# DATA PROVIDED
######
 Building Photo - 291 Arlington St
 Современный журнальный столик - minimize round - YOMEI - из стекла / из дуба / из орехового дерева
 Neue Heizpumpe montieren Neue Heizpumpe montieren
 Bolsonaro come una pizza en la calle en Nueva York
######
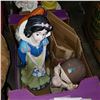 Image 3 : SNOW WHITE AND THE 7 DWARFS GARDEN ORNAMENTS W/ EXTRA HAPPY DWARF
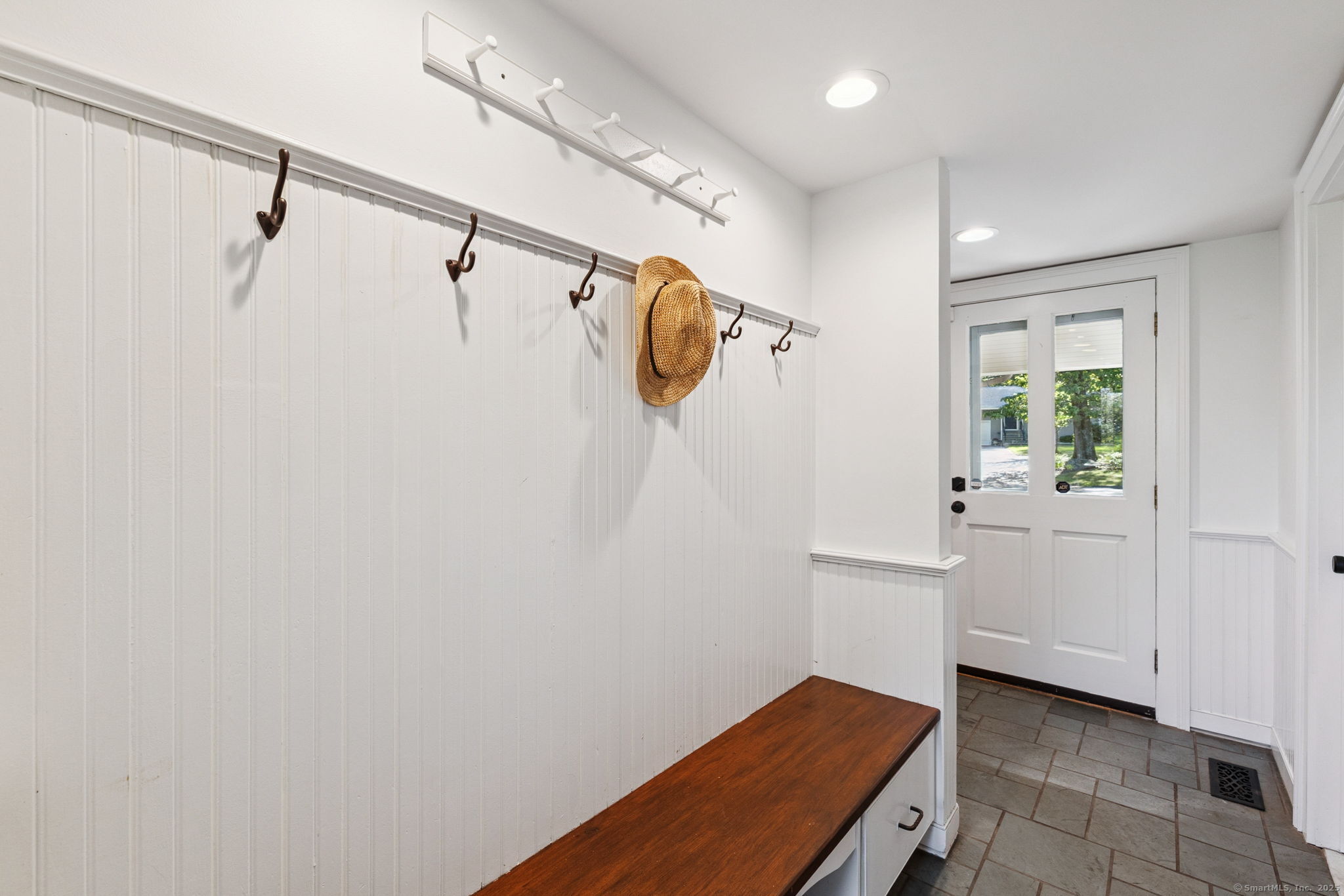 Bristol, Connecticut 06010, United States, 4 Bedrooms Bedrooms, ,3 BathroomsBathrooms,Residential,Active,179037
######
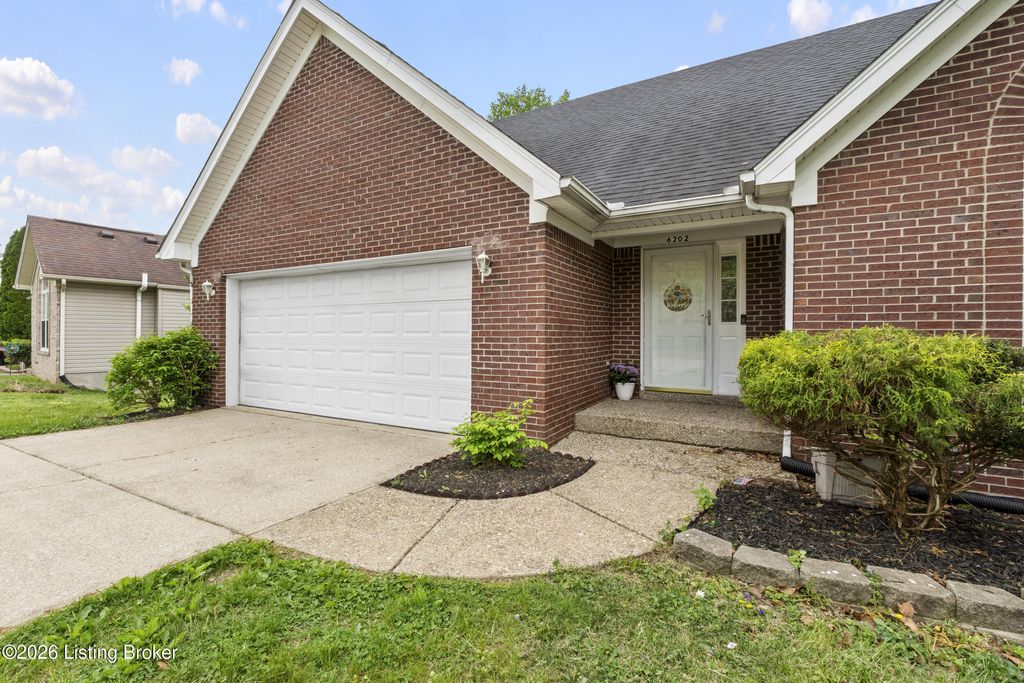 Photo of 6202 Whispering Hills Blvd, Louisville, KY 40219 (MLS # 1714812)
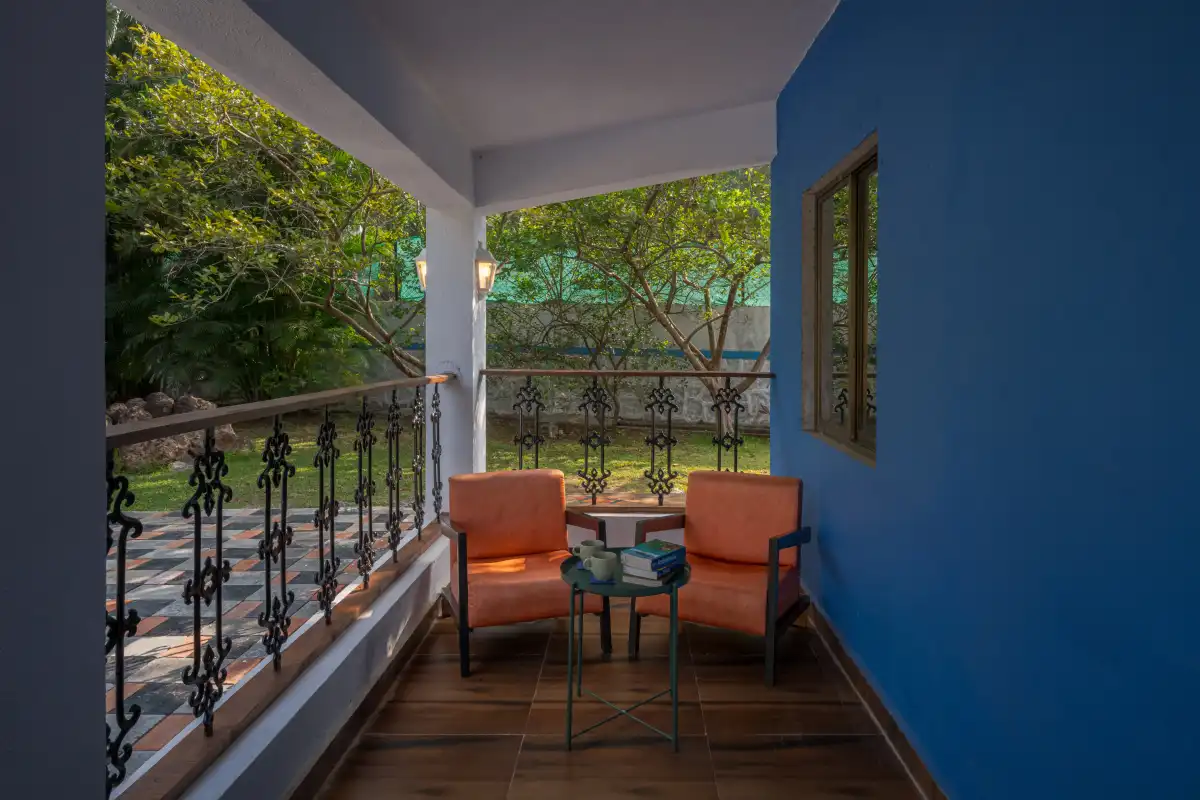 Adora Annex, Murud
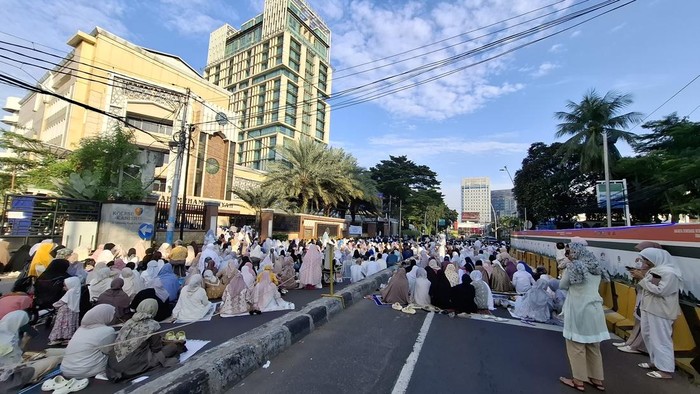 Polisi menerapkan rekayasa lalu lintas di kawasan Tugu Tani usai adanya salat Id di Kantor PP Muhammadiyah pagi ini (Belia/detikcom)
######
# TO DO
In the listing above, find the line holding "Building Photo - 291 Arlington St" and the line holding "Bolsonaro come una", then output those two lines and every line between them exactly.

# COMPLETED TASK
 Building Photo - 291 Arlington St
 Современный журнальный столик - minimize round - YOMEI - из стекла / из дуба / из орехового дерева
 Neue Heizpumpe montieren Neue Heizpumpe montieren
 Bolsonaro come una pizza en la calle en Nueva York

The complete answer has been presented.